Only some lines are wanted: please transcribe exactly those from the one containing "Of course, you" through the end of the data, pictures excluded.

DATASET EXCERPT:
---
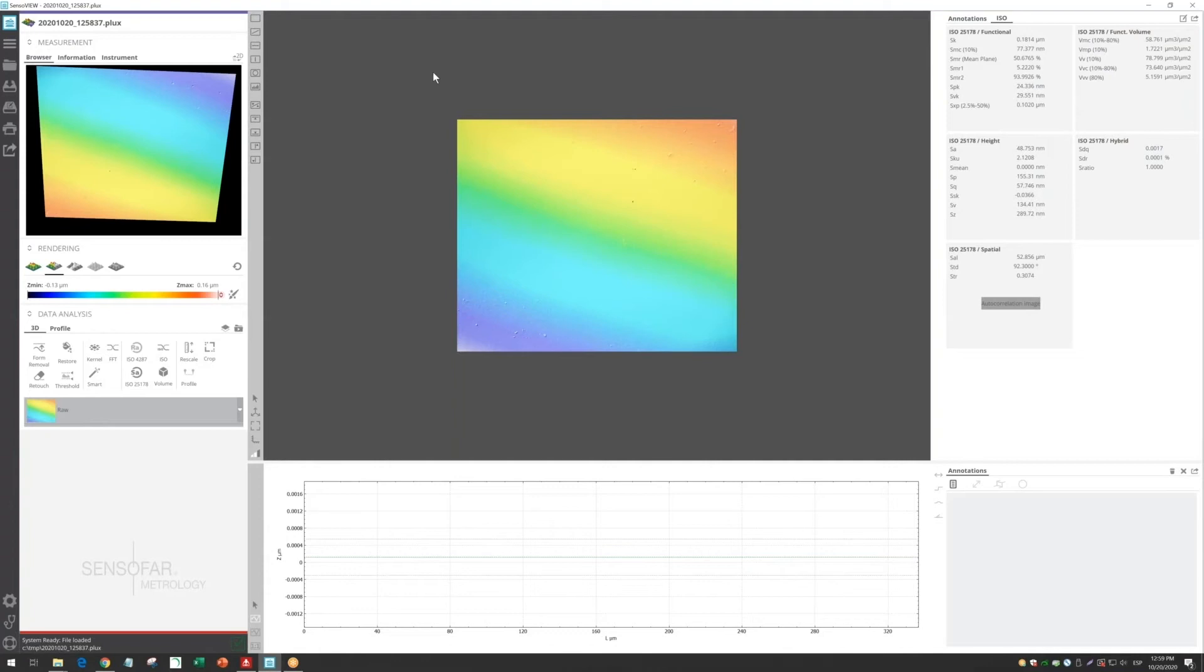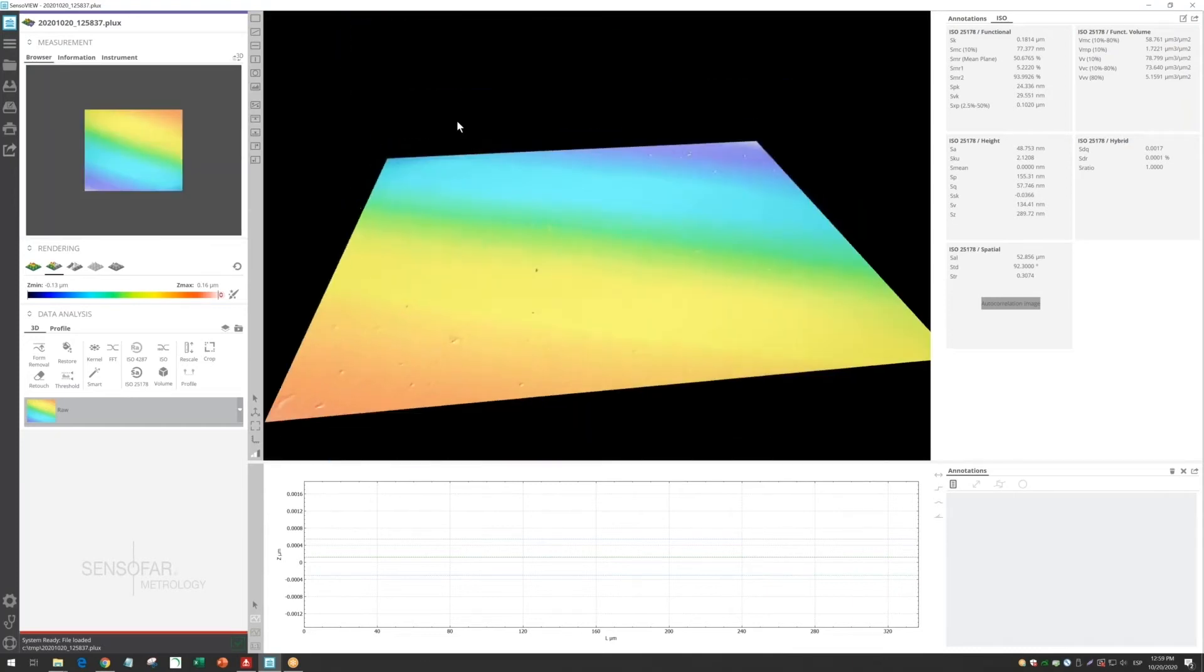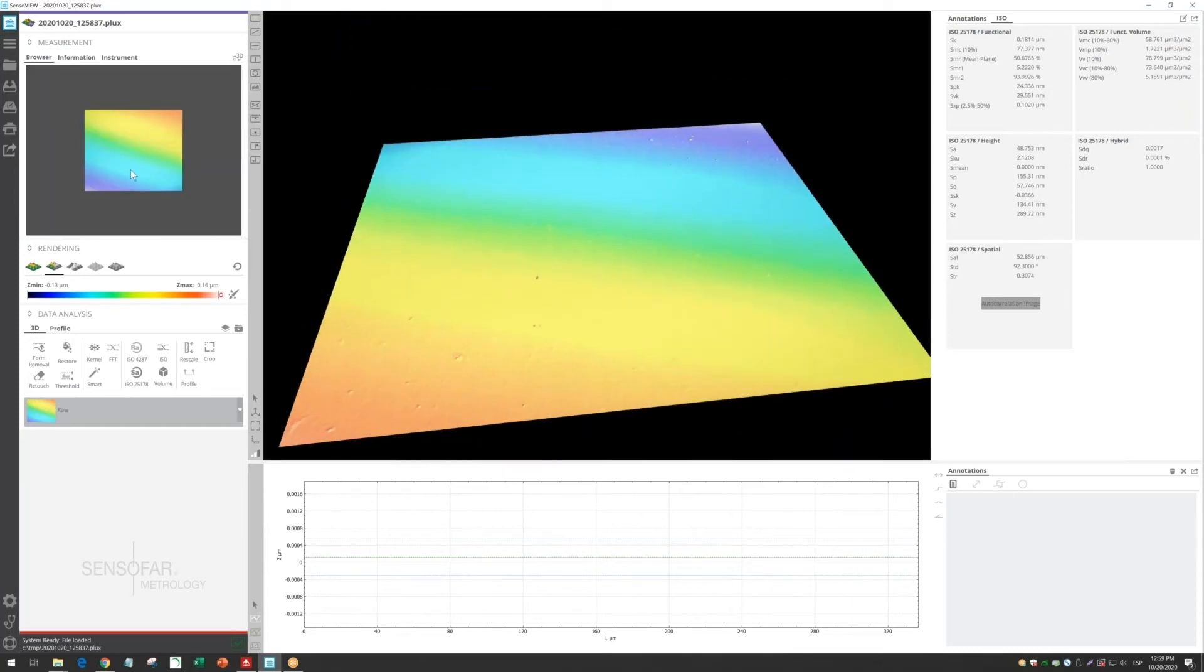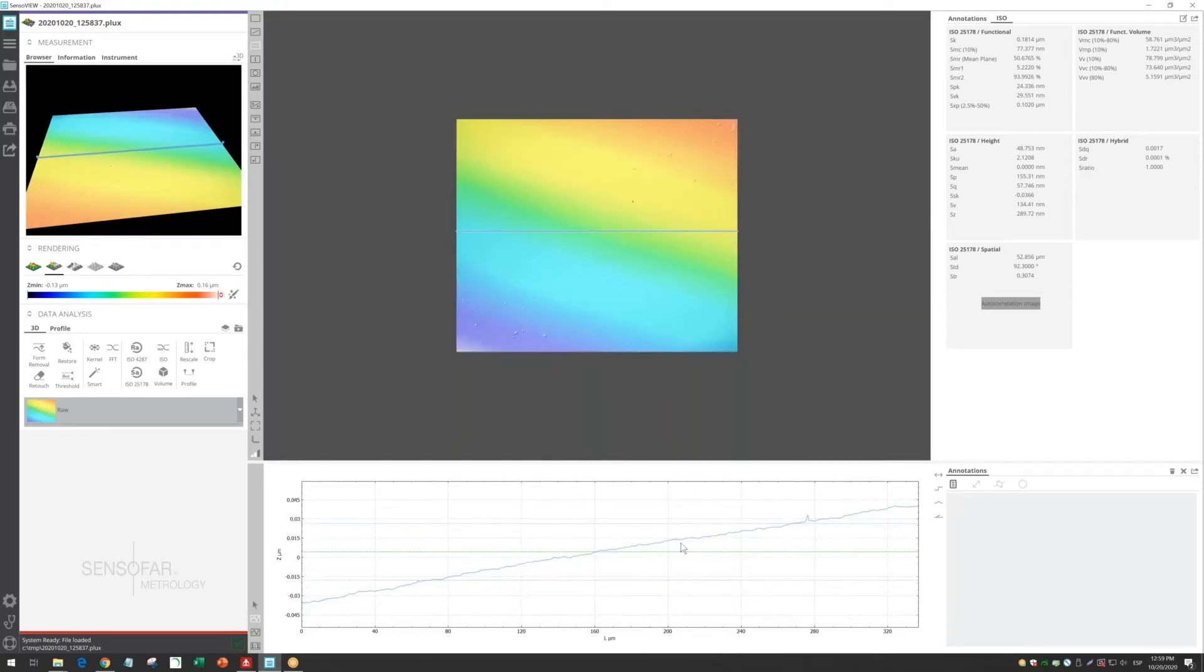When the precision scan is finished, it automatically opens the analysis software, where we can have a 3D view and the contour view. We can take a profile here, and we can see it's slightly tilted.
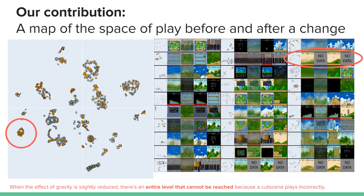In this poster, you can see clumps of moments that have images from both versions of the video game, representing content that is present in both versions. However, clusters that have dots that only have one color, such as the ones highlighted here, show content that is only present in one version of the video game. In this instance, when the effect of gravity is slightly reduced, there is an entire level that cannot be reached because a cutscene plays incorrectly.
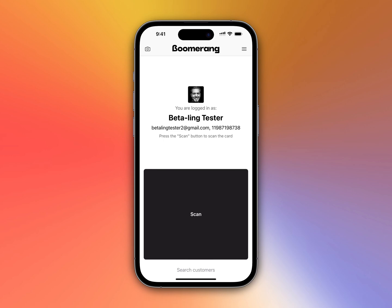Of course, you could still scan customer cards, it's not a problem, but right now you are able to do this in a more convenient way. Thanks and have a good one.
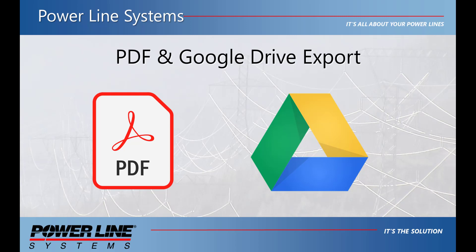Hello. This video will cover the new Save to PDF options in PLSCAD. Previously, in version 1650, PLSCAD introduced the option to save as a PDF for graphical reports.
---
PROBLEM SOLUTION:
Of course, you could still scan customer cards, it's not a problem, but right now you are able to do this in a more convenient way. Thanks and have a good one.
Hello. This video will cover the new Save to PDF options in PLSCAD. Previously, in version 1650, PLSCAD introduced the option to save as a PDF for graphical reports.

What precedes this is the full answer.